The response must consist of all the entries, duplicated without alteration.
============
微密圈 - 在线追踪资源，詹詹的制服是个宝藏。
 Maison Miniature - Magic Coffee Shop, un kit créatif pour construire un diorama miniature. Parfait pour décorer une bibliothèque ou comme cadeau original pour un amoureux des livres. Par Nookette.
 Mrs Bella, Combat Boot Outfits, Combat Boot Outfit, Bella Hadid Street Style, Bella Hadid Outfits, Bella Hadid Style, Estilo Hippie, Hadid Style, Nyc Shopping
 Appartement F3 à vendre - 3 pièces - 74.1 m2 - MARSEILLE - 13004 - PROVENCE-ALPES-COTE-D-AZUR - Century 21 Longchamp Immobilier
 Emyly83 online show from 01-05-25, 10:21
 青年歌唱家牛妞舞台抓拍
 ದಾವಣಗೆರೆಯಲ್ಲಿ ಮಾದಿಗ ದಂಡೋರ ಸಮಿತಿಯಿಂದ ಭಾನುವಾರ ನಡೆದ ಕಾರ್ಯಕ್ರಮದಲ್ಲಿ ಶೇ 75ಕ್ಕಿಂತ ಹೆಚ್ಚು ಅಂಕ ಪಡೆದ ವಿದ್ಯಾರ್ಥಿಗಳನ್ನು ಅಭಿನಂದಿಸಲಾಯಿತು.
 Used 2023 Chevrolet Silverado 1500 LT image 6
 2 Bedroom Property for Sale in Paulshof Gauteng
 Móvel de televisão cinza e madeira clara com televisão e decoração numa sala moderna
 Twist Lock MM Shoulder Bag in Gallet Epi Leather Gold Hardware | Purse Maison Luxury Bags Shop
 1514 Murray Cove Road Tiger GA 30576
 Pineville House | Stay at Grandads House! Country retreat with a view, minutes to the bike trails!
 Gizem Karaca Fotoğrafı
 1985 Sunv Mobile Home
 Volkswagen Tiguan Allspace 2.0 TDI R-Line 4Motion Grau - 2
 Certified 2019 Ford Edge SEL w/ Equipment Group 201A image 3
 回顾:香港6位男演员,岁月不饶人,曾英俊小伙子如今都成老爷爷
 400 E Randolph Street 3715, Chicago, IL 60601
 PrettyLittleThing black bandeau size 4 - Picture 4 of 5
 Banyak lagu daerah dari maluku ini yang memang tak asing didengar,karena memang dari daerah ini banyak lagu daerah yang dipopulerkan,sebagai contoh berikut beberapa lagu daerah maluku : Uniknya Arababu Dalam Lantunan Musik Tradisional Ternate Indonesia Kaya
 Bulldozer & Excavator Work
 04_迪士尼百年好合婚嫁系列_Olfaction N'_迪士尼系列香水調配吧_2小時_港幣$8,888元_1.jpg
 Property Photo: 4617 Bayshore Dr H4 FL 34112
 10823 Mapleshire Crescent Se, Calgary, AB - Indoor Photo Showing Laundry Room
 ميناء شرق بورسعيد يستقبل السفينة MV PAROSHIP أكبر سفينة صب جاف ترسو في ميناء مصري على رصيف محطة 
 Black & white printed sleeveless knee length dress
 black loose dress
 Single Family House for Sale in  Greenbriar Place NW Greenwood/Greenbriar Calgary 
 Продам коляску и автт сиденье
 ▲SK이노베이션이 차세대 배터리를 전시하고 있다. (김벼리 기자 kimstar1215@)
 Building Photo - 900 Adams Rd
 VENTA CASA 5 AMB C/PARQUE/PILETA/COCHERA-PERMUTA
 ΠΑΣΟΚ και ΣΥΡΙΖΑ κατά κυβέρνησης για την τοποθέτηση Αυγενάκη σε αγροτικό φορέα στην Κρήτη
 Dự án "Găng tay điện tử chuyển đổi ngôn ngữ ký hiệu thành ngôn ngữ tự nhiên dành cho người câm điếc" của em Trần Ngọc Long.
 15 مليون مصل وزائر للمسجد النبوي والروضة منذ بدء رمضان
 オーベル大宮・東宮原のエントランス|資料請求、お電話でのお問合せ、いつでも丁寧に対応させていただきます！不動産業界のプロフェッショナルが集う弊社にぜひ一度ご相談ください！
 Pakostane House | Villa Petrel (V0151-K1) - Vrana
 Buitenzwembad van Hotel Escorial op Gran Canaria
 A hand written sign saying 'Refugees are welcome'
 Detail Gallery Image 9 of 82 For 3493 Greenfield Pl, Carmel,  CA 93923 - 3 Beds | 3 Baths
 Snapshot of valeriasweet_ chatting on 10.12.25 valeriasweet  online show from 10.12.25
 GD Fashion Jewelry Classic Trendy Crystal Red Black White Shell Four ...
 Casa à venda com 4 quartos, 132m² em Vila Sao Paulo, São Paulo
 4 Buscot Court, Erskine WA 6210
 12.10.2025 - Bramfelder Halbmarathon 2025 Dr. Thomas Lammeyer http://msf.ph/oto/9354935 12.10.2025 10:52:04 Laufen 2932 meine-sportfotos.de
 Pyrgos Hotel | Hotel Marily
============
Written solution -
微密圈 - 在线追踪资源，詹詹的制服是个宝藏。
 Maison Miniature - Magic Coffee Shop, un kit créatif pour construire un diorama miniature. Parfait pour décorer une bibliothèque ou comme cadeau original pour un amoureux des livres. Par Nookette.
 Mrs Bella, Combat Boot Outfits, Combat Boot Outfit, Bella Hadid Street Style, Bella Hadid Outfits, Bella Hadid Style, Estilo Hippie, Hadid Style, Nyc Shopping
 Appartement F3 à vendre - 3 pièces - 74.1 m2 - MARSEILLE - 13004 - PROVENCE-ALPES-COTE-D-AZUR - Century 21 Longchamp Immobilier
 Emyly83 online show from 01-05-25, 10:21
 青年歌唱家牛妞舞台抓拍
 ದಾವಣಗೆರೆಯಲ್ಲಿ ಮಾದಿಗ ದಂಡೋರ ಸಮಿತಿಯಿಂದ ಭಾನುವಾರ ನಡೆದ ಕಾರ್ಯಕ್ರಮದಲ್ಲಿ ಶೇ 75ಕ್ಕಿಂತ ಹೆಚ್ಚು ಅಂಕ ಪಡೆದ ವಿದ್ಯಾರ್ಥಿಗಳನ್ನು ಅಭಿನಂದಿಸಲಾಯಿತು.
 Used 2023 Chevrolet Silverado 1500 LT image 6
 2 Bedroom Property for Sale in Paulshof Gauteng
 Móvel de televisão cinza e madeira clara com televisão e decoração numa sala moderna
 Twist Lock MM Shoulder Bag in Gallet Epi Leather Gold Hardware | Purse Maison Luxury Bags Shop
 1514 Murray Cove Road Tiger GA 30576
 Pineville House | Stay at Grandads House! Country retreat with a view, minutes to the bike trails!
 Gizem Karaca Fotoğrafı
 1985 Sunv Mobile Home
 Volkswagen Tiguan Allspace 2.0 TDI R-Line 4Motion Grau - 2
 Certified 2019 Ford Edge SEL w/ Equipment Group 201A image 3
 回顾:香港6位男演员,岁月不饶人,曾英俊小伙子如今都成老爷爷
 400 E Randolph Street 3715, Chicago, IL 60601
 PrettyLittleThing black bandeau size 4 - Picture 4 of 5
 Banyak lagu daerah dari maluku ini yang memang tak asing didengar,karena memang dari daerah ini banyak lagu daerah yang dipopulerkan,sebagai contoh berikut beberapa lagu daerah maluku : Uniknya Arababu Dalam Lantunan Musik Tradisional Ternate Indonesia Kaya
 Bulldozer & Excavator Work
 04_迪士尼百年好合婚嫁系列_Olfaction N'_迪士尼系列香水調配吧_2小時_港幣$8,888元_1.jpg
 Property Photo: 4617 Bayshore Dr H4 FL 34112
 10823 Mapleshire Crescent Se, Calgary, AB - Indoor Photo Showing Laundry Room
 ميناء شرق بورسعيد يستقبل السفينة MV PAROSHIP أكبر سفينة صب جاف ترسو في ميناء مصري على رصيف محطة 
 Black & white printed sleeveless knee length dress
 black loose dress
 Single Family House for Sale in  Greenbriar Place NW Greenwood/Greenbriar Calgary 
 Продам коляску и автт сиденье
 ▲SK이노베이션이 차세대 배터리를 전시하고 있다. (김벼리 기자 kimstar1215@)
 Building Photo - 900 Adams Rd
 VENTA CASA 5 AMB C/PARQUE/PILETA/COCHERA-PERMUTA
 ΠΑΣΟΚ και ΣΥΡΙΖΑ κατά κυβέρνησης για την τοποθέτηση Αυγενάκη σε αγροτικό φορέα στην Κρήτη
 Dự án "Găng tay điện tử chuyển đổi ngôn ngữ ký hiệu thành ngôn ngữ tự nhiên dành cho người câm điếc" của em Trần Ngọc Long.
 15 مليون مصل وزائر للمسجد النبوي والروضة منذ بدء رمضان
 オーベル大宮・東宮原のエントランス|資料請求、お電話でのお問合せ、いつでも丁寧に対応させていただきます！不動産業界のプロフェッショナルが集う弊社にぜひ一度ご相談ください！
 Pakostane House | Villa Petrel (V0151-K1) - Vrana
 Buitenzwembad van Hotel Escorial op Gran Canaria
 A hand written sign saying 'Refugees are welcome'
 Detail Gallery Image 9 of 82 For 3493 Greenfield Pl, Carmel,  CA 93923 - 3 Beds | 3 Baths
 Snapshot of valeriasweet_ chatting on 10.12.25 valeriasweet  online show from 10.12.25
 GD Fashion Jewelry Classic Trendy Crystal Red Black White Shell Four ...
 Casa à venda com 4 quartos, 132m² em Vila Sao Paulo, São Paulo
 4 Buscot Court, Erskine WA 6210
 12.10.2025 - Bramfelder Halbmarathon 2025 Dr. Thomas Lammeyer http://msf.ph/oto/9354935 12.10.2025 10:52:04 Laufen 2932 meine-sportfotos.de
 Pyrgos Hotel | Hotel Marily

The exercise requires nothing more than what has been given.